● Supplied records:
* * * * * * * * *
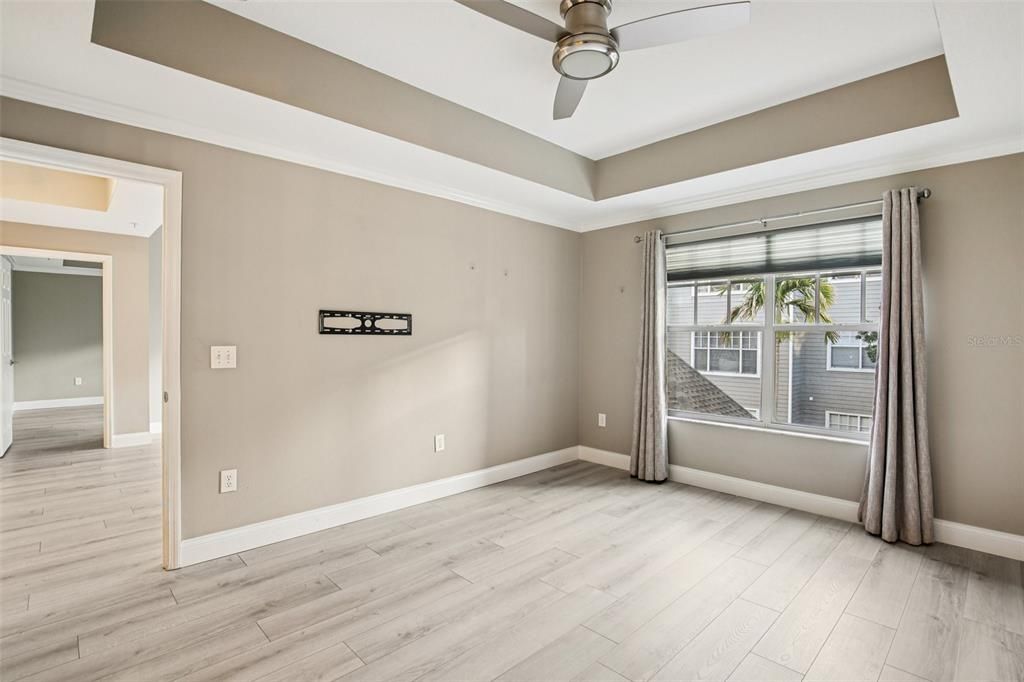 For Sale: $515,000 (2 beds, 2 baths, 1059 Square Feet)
* * * * * * * * *
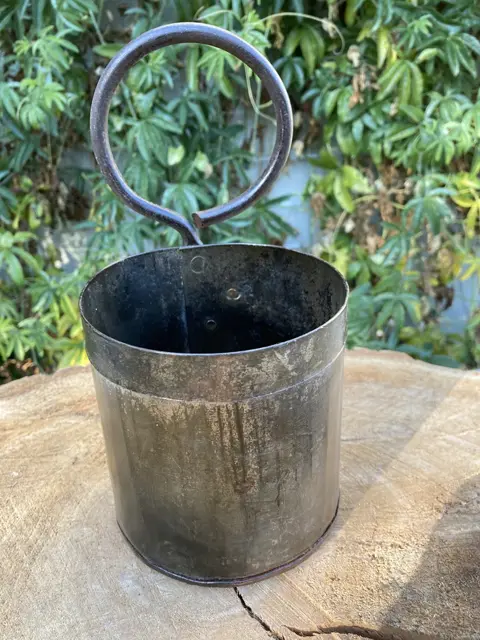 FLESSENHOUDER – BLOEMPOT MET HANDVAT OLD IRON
* * * * * * * * *
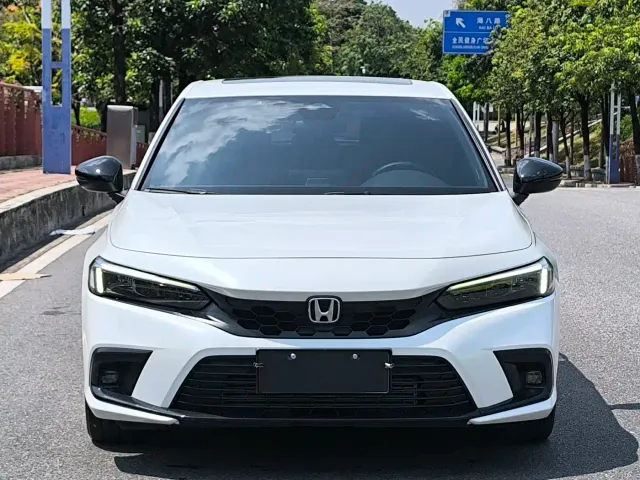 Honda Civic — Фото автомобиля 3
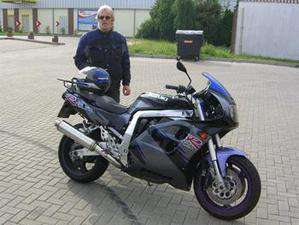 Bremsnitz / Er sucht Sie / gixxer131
* * * * * * * * *
● Exercise aim:
Please copy out from the data above, without any picture, exactly the lines running from the one that holds "Honda Civic — Фото автомобиля 3" through the one that holds "Bremsnitz / Er sucht Sie / gixxer131", and nothing beyond them.

● Written response:
 Honda Civic — Фото автомобиля 3
 Bremsnitz / Er sucht Sie / gixxer131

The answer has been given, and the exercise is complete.